● **Assigned task**
The answer must consist solely of the lines below starting at the one containing "Item preview, I" and ending at the one containing "Barcelona skyline", repeated exactly, with both ends included and all pictures omitted.

● **Extracted material**
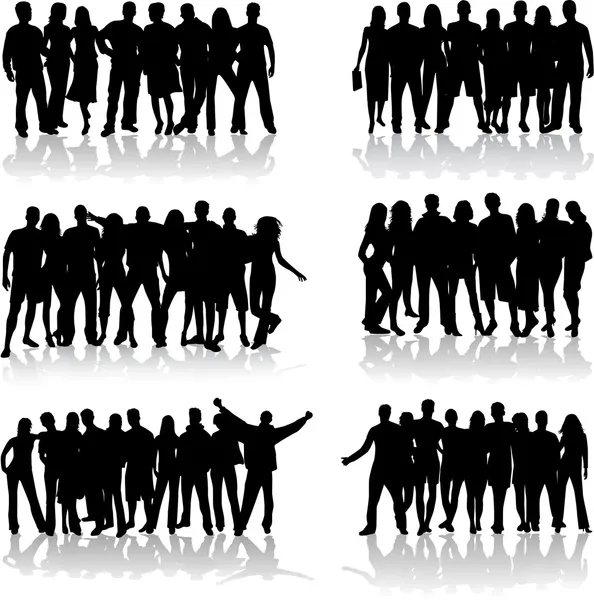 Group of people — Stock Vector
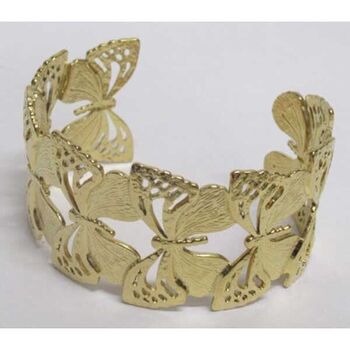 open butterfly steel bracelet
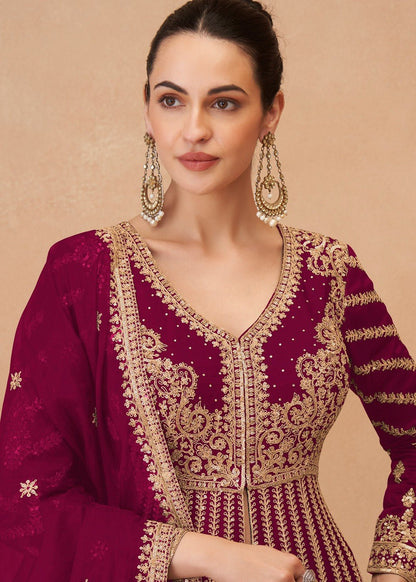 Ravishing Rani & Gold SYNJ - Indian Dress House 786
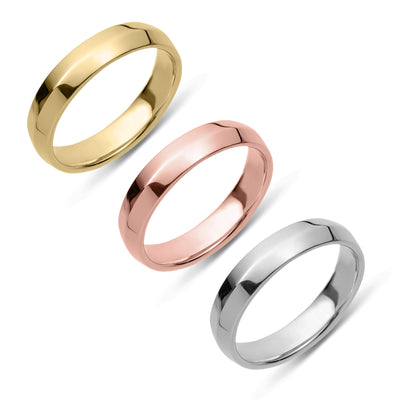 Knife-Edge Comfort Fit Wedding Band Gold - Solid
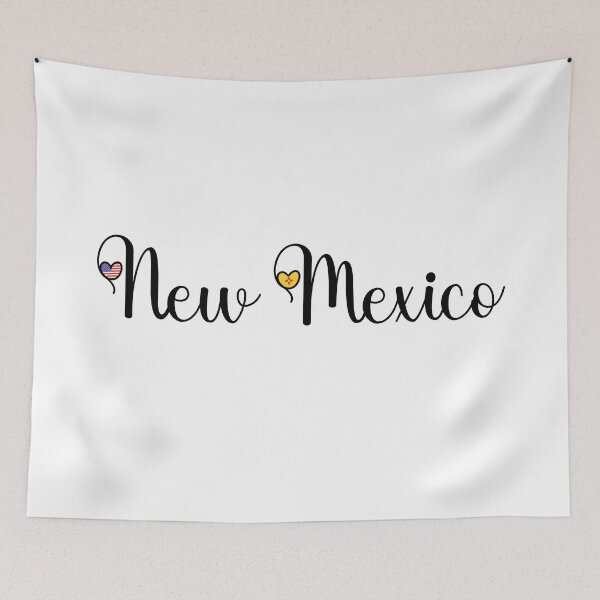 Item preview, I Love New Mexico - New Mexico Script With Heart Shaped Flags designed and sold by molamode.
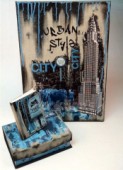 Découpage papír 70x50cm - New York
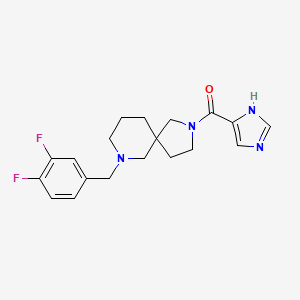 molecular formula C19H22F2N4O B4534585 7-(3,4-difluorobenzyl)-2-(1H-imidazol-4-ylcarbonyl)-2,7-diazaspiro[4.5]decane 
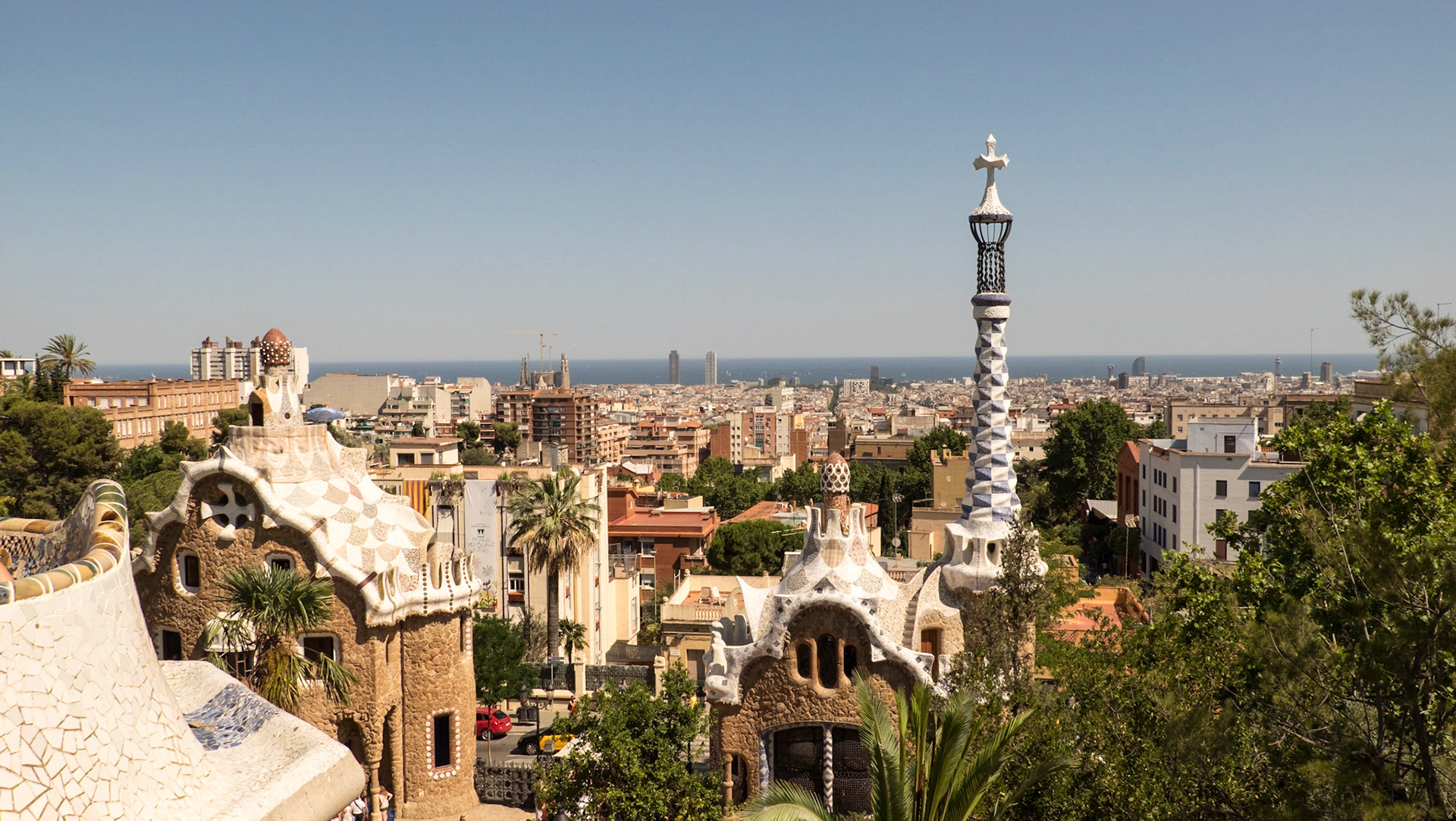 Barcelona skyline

...

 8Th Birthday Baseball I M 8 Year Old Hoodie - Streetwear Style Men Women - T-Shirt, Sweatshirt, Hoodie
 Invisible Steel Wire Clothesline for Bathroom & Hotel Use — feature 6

● **Answer for this exercise**
 Item preview, I Love New Mexico - New Mexico Script With Heart Shaped Flags designed and sold by molamode.
 Découpage papír 70x50cm - New York
 molecular formula C19H22F2N4O B4534585 7-(3,4-difluorobenzyl)-2-(1H-imidazol-4-ylcarbonyl)-2,7-diazaspiro[4.5]decane 
 Barcelona skyline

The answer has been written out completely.